Cassius learned early what survives and what doesn’t.
Men who dream don’t last long in the ludus. Men who look too long at what they cannot have are buried without names. So Cassius learned to keep his eyes forward, his spine straight, his thoughts sharp and narrow as a gladius.
Until you.
You are not part of his world — you descend into it like a mistake the gods refuse to correct. Silk where there should be stone. Perfume where there should be iron and blood. The daughter of a man who governs Rome from behind closed doors, whose favor decides which men rise and which disappear.
You were never meant to notice him.
But you did.
Not loudly. Not cruelly. You watched him with a kind of attention that unsettled him more than the roar of the crowd ever could. As if you were seeing past the armor, past the role, past the certainty of his death.

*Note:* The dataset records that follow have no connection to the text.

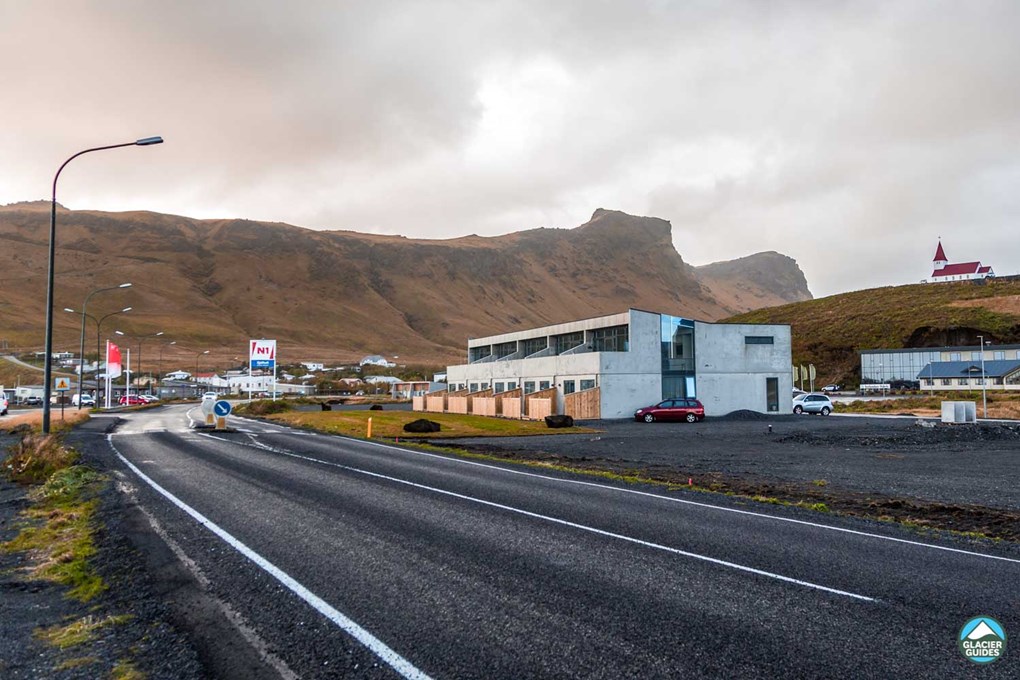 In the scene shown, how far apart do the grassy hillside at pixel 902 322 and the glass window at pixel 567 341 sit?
7129 cm

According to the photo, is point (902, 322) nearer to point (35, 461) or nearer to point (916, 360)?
point (916, 360)

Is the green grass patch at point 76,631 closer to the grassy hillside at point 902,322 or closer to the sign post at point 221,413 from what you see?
the sign post at point 221,413

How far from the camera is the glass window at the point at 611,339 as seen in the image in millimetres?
50344

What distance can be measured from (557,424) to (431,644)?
36.4 meters

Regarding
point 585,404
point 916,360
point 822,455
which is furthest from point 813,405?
point 916,360

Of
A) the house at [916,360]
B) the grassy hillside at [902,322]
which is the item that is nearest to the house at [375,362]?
the grassy hillside at [902,322]

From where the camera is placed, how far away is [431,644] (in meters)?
5.64

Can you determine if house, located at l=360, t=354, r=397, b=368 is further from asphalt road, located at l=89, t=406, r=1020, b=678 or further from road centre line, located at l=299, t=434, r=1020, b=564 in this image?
asphalt road, located at l=89, t=406, r=1020, b=678

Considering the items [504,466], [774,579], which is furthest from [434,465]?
[774,579]

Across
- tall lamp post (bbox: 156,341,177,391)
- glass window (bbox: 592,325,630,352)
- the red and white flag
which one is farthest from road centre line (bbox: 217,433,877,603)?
tall lamp post (bbox: 156,341,177,391)

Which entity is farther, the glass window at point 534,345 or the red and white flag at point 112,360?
the glass window at point 534,345

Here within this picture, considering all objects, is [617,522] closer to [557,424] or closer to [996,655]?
[996,655]

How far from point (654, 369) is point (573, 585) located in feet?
144

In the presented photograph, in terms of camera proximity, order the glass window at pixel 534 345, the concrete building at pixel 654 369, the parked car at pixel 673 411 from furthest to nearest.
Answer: the glass window at pixel 534 345 < the concrete building at pixel 654 369 < the parked car at pixel 673 411
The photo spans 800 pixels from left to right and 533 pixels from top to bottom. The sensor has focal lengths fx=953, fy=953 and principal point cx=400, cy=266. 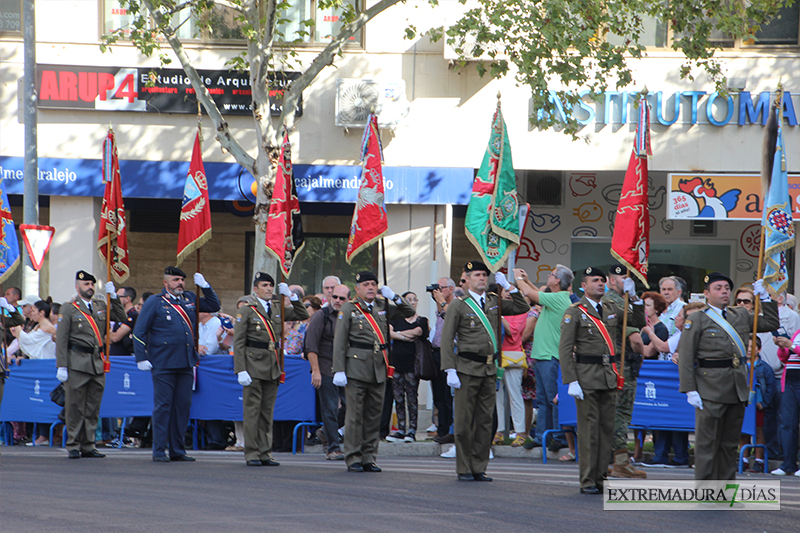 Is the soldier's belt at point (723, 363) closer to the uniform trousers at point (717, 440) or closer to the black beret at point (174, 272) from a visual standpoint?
the uniform trousers at point (717, 440)

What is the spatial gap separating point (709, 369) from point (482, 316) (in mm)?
2216

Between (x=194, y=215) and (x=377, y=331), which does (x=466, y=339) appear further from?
(x=194, y=215)

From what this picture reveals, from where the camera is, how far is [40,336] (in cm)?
1274

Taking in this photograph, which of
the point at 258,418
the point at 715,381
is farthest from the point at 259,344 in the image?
the point at 715,381

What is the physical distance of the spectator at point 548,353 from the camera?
10.7 metres

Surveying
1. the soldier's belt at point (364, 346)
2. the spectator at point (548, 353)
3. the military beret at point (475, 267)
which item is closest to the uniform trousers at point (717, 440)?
the military beret at point (475, 267)

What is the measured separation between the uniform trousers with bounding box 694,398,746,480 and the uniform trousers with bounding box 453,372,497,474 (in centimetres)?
199

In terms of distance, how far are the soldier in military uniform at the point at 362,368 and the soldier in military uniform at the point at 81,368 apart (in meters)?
3.01

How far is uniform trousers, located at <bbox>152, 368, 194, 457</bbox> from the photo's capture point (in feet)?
33.2

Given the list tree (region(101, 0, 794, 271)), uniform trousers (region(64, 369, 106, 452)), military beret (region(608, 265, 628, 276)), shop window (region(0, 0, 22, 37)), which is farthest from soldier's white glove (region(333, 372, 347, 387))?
shop window (region(0, 0, 22, 37))

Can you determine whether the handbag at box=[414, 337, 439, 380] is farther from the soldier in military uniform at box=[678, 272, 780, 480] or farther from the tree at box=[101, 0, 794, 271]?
the soldier in military uniform at box=[678, 272, 780, 480]

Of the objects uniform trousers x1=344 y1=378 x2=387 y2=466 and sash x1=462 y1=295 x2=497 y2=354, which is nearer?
sash x1=462 y1=295 x2=497 y2=354

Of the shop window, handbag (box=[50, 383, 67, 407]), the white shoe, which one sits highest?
the shop window

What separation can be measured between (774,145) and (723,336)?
2.47 m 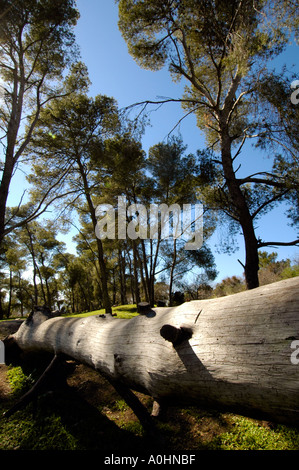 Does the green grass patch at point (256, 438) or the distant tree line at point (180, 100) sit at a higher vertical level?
the distant tree line at point (180, 100)

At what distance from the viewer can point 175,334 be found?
168 centimetres

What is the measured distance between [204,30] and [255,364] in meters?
11.0

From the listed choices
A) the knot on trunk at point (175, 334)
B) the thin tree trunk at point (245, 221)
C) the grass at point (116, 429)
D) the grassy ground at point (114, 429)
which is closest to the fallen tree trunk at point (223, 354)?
the knot on trunk at point (175, 334)

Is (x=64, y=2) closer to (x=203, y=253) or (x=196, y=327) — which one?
(x=196, y=327)

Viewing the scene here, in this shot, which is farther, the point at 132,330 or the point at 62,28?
Result: the point at 62,28

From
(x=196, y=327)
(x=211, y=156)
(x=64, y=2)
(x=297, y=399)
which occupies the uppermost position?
(x=64, y=2)

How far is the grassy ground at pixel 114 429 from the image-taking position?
283 cm

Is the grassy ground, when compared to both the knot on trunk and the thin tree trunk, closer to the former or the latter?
the knot on trunk

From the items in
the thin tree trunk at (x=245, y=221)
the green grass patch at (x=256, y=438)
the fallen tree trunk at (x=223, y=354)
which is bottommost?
the green grass patch at (x=256, y=438)

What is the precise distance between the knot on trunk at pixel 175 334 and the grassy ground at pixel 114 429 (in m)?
1.63

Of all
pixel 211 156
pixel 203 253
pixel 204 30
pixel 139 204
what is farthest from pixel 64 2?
pixel 203 253

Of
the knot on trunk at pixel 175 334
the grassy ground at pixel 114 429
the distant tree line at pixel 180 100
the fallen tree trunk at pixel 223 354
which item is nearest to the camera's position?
the fallen tree trunk at pixel 223 354

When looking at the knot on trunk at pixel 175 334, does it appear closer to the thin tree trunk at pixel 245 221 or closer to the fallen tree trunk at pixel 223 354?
the fallen tree trunk at pixel 223 354

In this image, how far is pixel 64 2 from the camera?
7.61 meters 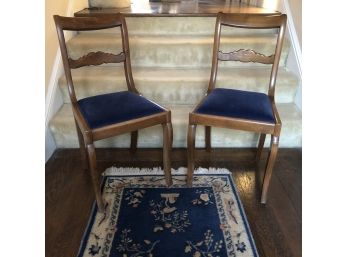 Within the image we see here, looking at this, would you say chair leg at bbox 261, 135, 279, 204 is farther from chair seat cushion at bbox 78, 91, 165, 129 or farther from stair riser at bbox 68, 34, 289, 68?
stair riser at bbox 68, 34, 289, 68

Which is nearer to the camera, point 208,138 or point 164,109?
point 164,109

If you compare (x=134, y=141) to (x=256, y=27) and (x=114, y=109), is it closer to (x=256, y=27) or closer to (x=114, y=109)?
(x=114, y=109)

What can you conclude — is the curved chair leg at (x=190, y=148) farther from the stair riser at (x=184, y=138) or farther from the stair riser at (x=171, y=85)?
the stair riser at (x=171, y=85)

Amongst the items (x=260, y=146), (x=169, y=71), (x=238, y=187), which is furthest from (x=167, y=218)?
(x=169, y=71)

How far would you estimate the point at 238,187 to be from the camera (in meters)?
1.69

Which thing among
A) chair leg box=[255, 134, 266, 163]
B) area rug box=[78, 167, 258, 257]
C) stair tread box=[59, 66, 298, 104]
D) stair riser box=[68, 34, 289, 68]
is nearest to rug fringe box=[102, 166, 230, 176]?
area rug box=[78, 167, 258, 257]

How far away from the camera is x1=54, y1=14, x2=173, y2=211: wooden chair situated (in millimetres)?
1394

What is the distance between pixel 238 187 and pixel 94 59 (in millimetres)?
1067

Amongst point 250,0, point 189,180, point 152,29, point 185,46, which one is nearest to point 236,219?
point 189,180

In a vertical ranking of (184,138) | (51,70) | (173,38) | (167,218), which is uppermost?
(173,38)

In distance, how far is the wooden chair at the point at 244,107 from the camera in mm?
1449

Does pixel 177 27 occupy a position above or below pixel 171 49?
above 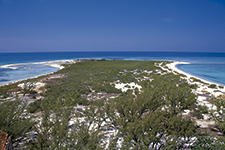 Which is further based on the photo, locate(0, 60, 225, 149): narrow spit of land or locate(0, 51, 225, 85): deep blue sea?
locate(0, 51, 225, 85): deep blue sea

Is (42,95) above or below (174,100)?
below

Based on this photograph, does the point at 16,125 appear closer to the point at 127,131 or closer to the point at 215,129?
the point at 127,131

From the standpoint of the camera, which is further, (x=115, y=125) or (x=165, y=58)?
(x=165, y=58)

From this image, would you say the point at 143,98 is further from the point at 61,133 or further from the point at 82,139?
the point at 61,133

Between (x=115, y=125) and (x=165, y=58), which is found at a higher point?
(x=165, y=58)

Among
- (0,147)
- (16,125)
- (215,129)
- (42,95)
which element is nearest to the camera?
(0,147)

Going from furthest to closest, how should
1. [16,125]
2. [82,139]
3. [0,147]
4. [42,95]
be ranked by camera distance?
[42,95]
[16,125]
[82,139]
[0,147]

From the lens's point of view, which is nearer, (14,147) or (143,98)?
(14,147)

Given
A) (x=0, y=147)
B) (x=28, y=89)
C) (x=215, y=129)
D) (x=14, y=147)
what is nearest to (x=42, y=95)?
(x=28, y=89)

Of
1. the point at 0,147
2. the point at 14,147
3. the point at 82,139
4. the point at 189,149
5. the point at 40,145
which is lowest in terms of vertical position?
the point at 189,149

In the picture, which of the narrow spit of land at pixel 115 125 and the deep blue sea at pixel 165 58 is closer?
the narrow spit of land at pixel 115 125

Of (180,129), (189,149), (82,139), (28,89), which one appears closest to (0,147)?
(82,139) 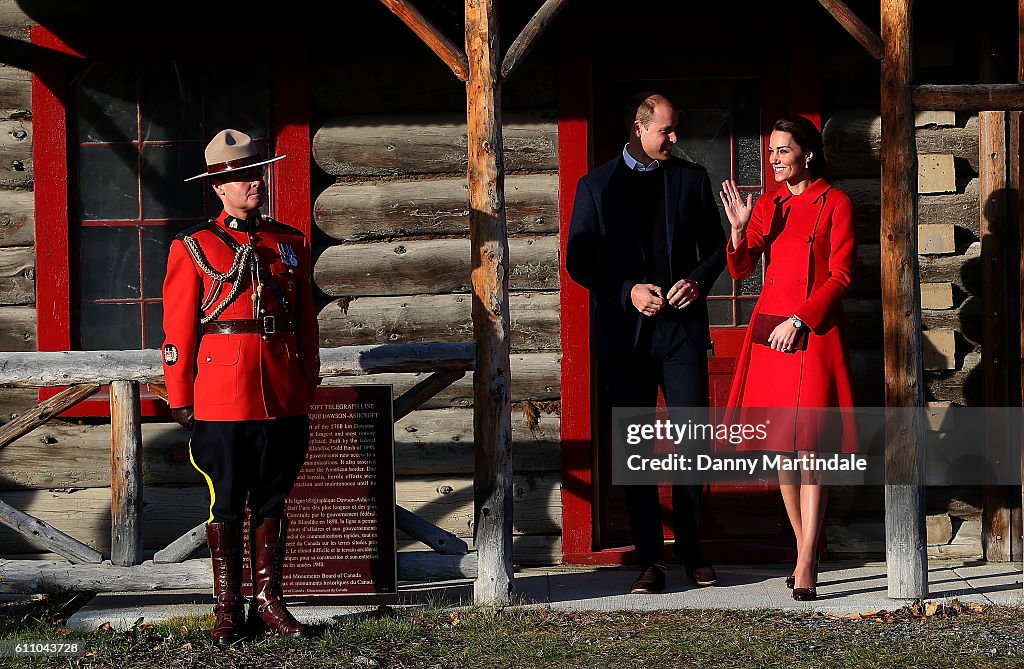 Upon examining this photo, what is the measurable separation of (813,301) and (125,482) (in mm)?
3170

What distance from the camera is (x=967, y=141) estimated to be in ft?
21.1

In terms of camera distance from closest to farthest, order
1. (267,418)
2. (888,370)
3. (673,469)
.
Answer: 1. (267,418)
2. (888,370)
3. (673,469)

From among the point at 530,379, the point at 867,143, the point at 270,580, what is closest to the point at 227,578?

Cassius told himself it was coincidence. That power always wanders where it shouldn’t. That your gaze would pass like all the others.
It didn’t.
Now your presence follows him — in the weight of his sword, in the pauses between breaths, in the silence after the gates close. He hates himself for it. He knows better. Want is a liability. Want is something men like him are punished for.
And yet.
When he bleeds, he wonders if you would look away. When he wins, he wonders if you felt relieved — or afraid.
Tonight, the arena sleeps. The city above it hums with life he is barred from touching. Cassius stands alone in the shadows, scars cooling beneath his skin, listening to his heartbeat slow.
Then you step into the torchlight.
For a moment, he thinks he’s imagined you — a trick of exhaustion, a fantasy born from too many silent prayers to gods who don’t listen.
But you are real. Close enough that he can see the hesitation in your breath.
Cassius does not kneel. He does not bow. He only watches you the way he does before a fight — focused, alert, bracing for impact.
“You shouldn’t have come,” he says quietly.
Not accusation. Not warning. Truth.
His jaw tightens, the discipline in him warring with something reckless and alive.
“If anyone sees you here… it won’t be me who pays the highest price.”
A pause. His voice lowers, stripped of armor.
“And yet,” Cassius adds, eyes lifting to meet yours, “I don’t think I would have forgiven you if you hadn’t.”